In Brazil, the members of the have been cautious. What will be the impact of tariffs? Will there be a soft recession or slowdown? Will supply shock affect inflation?
The Brazilian Central Bank is committed to the 3%inflation target, albeit in a longer horizon. It is possible to expect a “timely misinflation” if global slowdown, especially in China, to open idle capacity in the Brazilian economy, helping to control inflation here.
However, expansionist tax and parafiscal measures announced by the government challenge the Central Bank. With expectations of unannked and growing inflation for next year, we believe there will be another rise from Selic next week, before the break in June. If the global and local slowdown is confirmed, the interest cutting cycle in Brazil could start later this year, more slowly, considering two cuts in the US in the second half.
However, central banks cannot solve everything. It is an environment in which institutions built since the post-World War they become more fragile.
If you gain softer contours, with bilateral commerce agreements with India, Japan, China, European Union and Canada and Mexico (USMCA), global tariffs may be higher than the previous but lower standard than those advertised on Trump by April 2, 2025, when he announced the new tariff taxes. This would reduce disruptive impacts on markets and the real economy. Otherwise, global economic policies will need to be repositioned rapidly due to a possible strong renapation of capital flow between the planet’s regions.
There is a breach of confidence that will lead countries and regions to seek greater autonomy in energy, rare land, technology (semiconductors), military defense and even in sanitary themes such as medicines and hospital equipment. This search for autonomy tends to be associated with geopolitical conflicts.

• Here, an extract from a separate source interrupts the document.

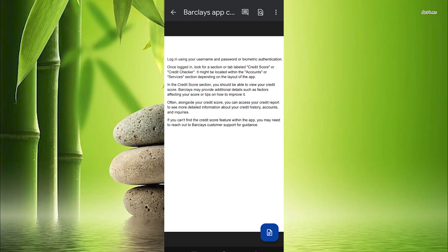In the credit score section you should be able to view your credit score. Barclays may provide additional details such as factors affecting your score or tips on how to improve it.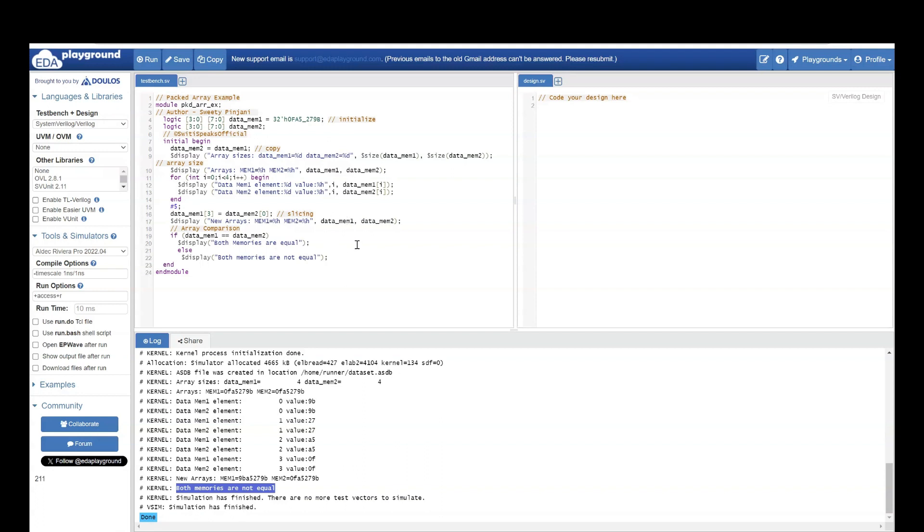I hope now the idea of packed arrays is very clear in your mind. If it is still not clear, please go through the video of packed array and try this example code by yourself, run it, analyze the output and then again you will understand it better.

The ruptures in the productive chains during the pandemic left a bitter taste. Subsidies to strategic sectors and tariffs will reconfigure global productive chains. Europe has already changed its approach, reinforced by. China will harden its commercial and military stance and seek to redo its alliances, including the Middle East.
Central banks will have to deal with topics never dealt with in economics manuals. The breaking of regime so commented implies that economic incentives will no longer dictate trade relations between nations, but the strategy of mastery of productive chains and strategic technologies. Anticipating the possible impacts of generative artificial intelligence on global productivity is still a challenge.
In such uncertain times, the best reaction to monetary policy goes through a transparent reaction strategy to inflationary risk, gradualism and moderation.